*** Opening Information provided ***

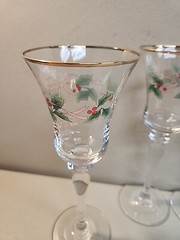 MIKASA Ribbon Holly Crystal Wine Glasses SET OF 4 Gold Trim 8⅝»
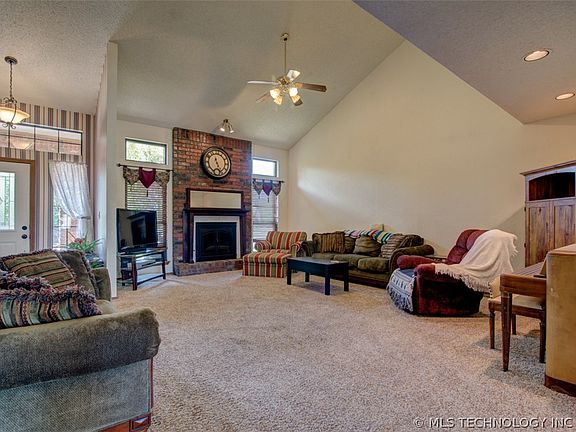 3rd image of 1413 E 136th St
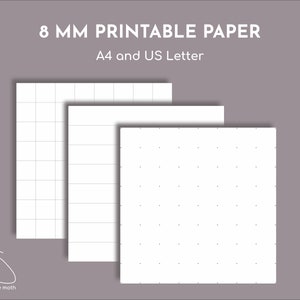 Könnte beinhalten: Drei Blätter weißes, bedruckbares Papier mit 8 mm Raster-, Linien- und Punktmustern. Der Text lautet 8 MM PRINTABLE PAPER und A4 and US Letter. Ein kleines weißes Motten-Symbol mit dem Text impossible moth befindet sich unten links.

*** Closing Information provided ***

• _Prompt_: All of the data needs repeating exactly, but the pictures do not.

• _Response below_:
 MIKASA Ribbon Holly Crystal Wine Glasses SET OF 4 Gold Trim 8⅝»
 3rd image of 1413 E 136th St
 Könnte beinhalten: Drei Blätter weißes, bedruckbares Papier mit 8 mm Raster-, Linien- und Punktmustern. Der Text lautet 8 MM PRINTABLE PAPER und A4 and US Letter. Ein kleines weißes Motten-Symbol mit dem Text impossible moth befindet sich unten links.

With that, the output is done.